A Marketing Professional's Guide to Collecting Twitter Data

As a member of the marketing team you already know that data is power. However, it’s not always easy to get, and even when you can get the data you need, it’s not always easy to understand, analyze, interpret and consume.

Luckily, we have tools in our martech toolbox that can help us find answers in our data. In this example, we look at several popular marketing technology tools that generate data that can be mined for insights. We’ll use Panoply for the data warehouse, since that’s what we know, and it connects to popular BI tools like Stitch, Chartio, and Tableau for dashboarding.

Some example questions we’re trying to answer:

  1. Between Twitter and Facebook, which channels contribute to increased engagement on our website?
  2. Are the paid channels or the organic channels providing a greater impact? And if it’s paid, what’s the ROI on that?
  3. Are Twitter and Facebook ads worth it, or should we focus on a purely organic approach?

And of course, we’re trying to answer these questions in real time. Let’s look at what data we can get.

Twitter ads

You already know that you can grow your Twitter audience, build brand awareness, and drive traffic to your other digital properties (like landing pages!) using Twitter ads.

But how does your spend impact what you are seeing from that channel? Ideally, you could pull in the following data and correlate it with advertising data from other channels, for example:

  • Clicks
  • Cost
  • CPM

This collects all the data you have from Twitter ads. Connecting your data to a data warehouse is simple—all you need to do is click the green “Login With Twitter” button to access the data generated by all of your Twitter ads.

Organic Twitter

Now that we’ve covered paid, let’s look at organic Twitter.

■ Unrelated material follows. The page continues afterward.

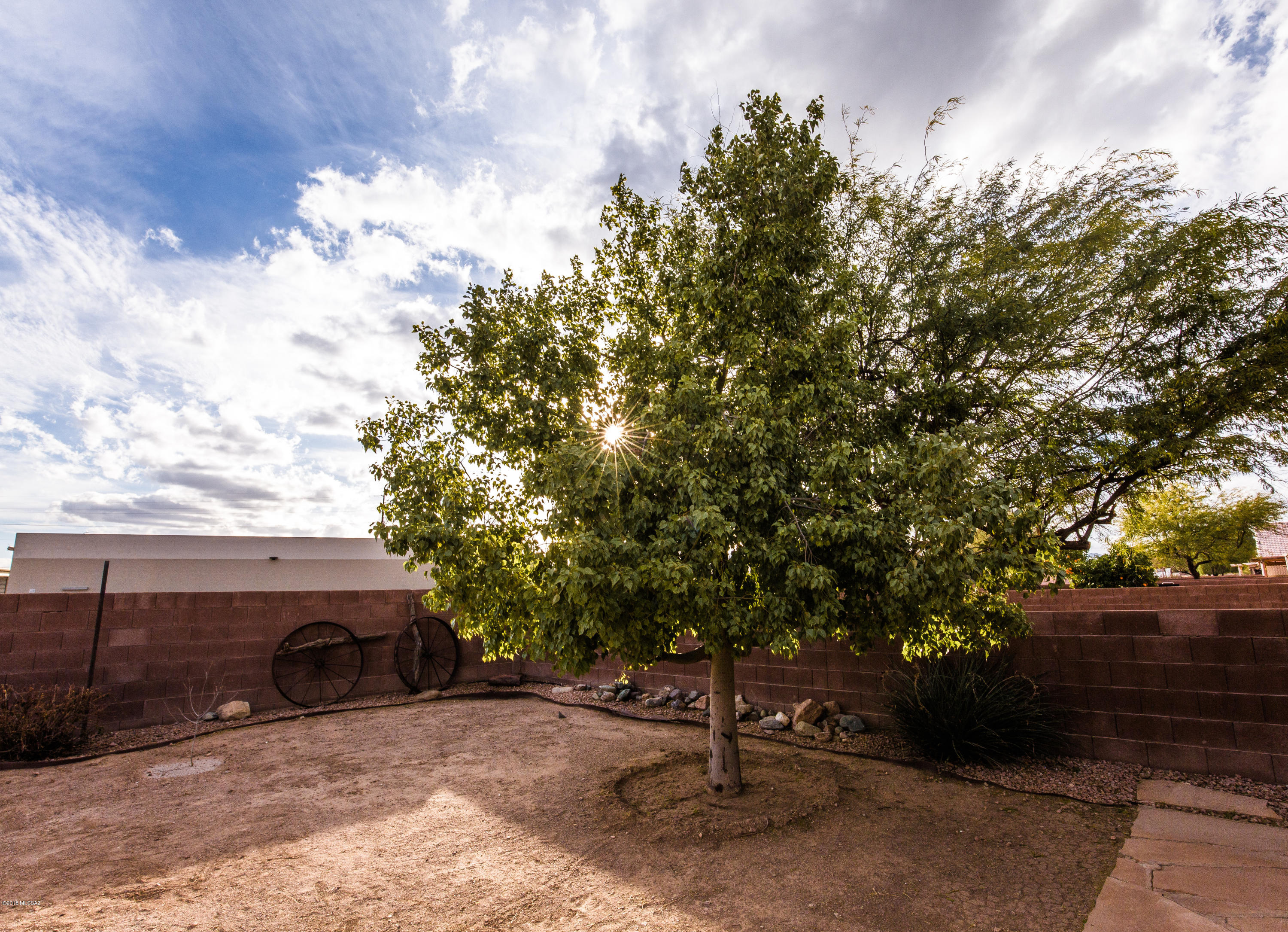 4 bedroom, 2 bath home with 12 foot vaulted ceilings throughout except for two bedrooms. 17'' tile in brick pattern, neutral paint, large luxurious master with ensuite, dual pane windows, security screen door, tile roof, central alarm, plumbed for a soft water system, and keyless garage opener with soft, quiet close door. Back yard has drip system, extended flagstone patio and storage shed.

Understanding your overall Twitter metrics means that you want to understand the growth driven by organic as well as paid acquisition—what if paid acquisition doesn’t perform any better than organic? Do you want to set money on fire? By putting your data into a data warehouse like Panoply, you’re looking at all of the data through one coherent view.

You can get metrics from your twitter feed—tweets, retweets, likes and followers. To pull this information into your Panoply data warehouse, just select Twitter in the data sources and click the login button.

Facebook Ads and Pages

If you’re spending on Twitter, you’re probably also spending on Facebook. Which channel is better for your social or acquisition programs? You can do comprehensive paid social analysis by combining Twitter ads and Facebook ads. Given how Facebook is set up, connecting your account is slightly more involved:

First, login to Facebook for both the Ads and Pages data sources.
Then

  1. Select the ad account
  2. Select the date range you want (the default is the last 30 days)
  3. Click to connect your Facebook Ads account

To ingest your organic Facebook page data, you follow a similar process with the Facebook Pages data source.

Google Analytics

Google Analytics is a common data source to correlate against the rest of your data. While Panoply does provide preset metrics based on what’s popular, you can easily customize what you collect from GA based on your particular business questions. 

The date range that data can be collected against include preset dates or all of the historical data. If you’re feeling ambitious and want to look at data from specific date ranges, you can do that by querying against all of the historical data.  

Don’t forget that you can schedule your data collection (for more details, take a look at this post)

Finally, you want to correlate your organic and paid social data to your marketing automation data for greater insights. 

For example, with Hubspot, you can collect contact details, account details, custom fields, and more.

Storing all of your data in one place will allow you to compare and analyze your data so you know where the data came from, what it means and can have confidence in your data story. You can now answer questions like which channels contribute to increased engagement on our website, the impact of paid channels, and otherwise explore your data for deeper insights. 

Dear readers, we’ve set up the problem so it’s up to you to take it and apply this to your own data sets and see what you can discover. Happy analyzing!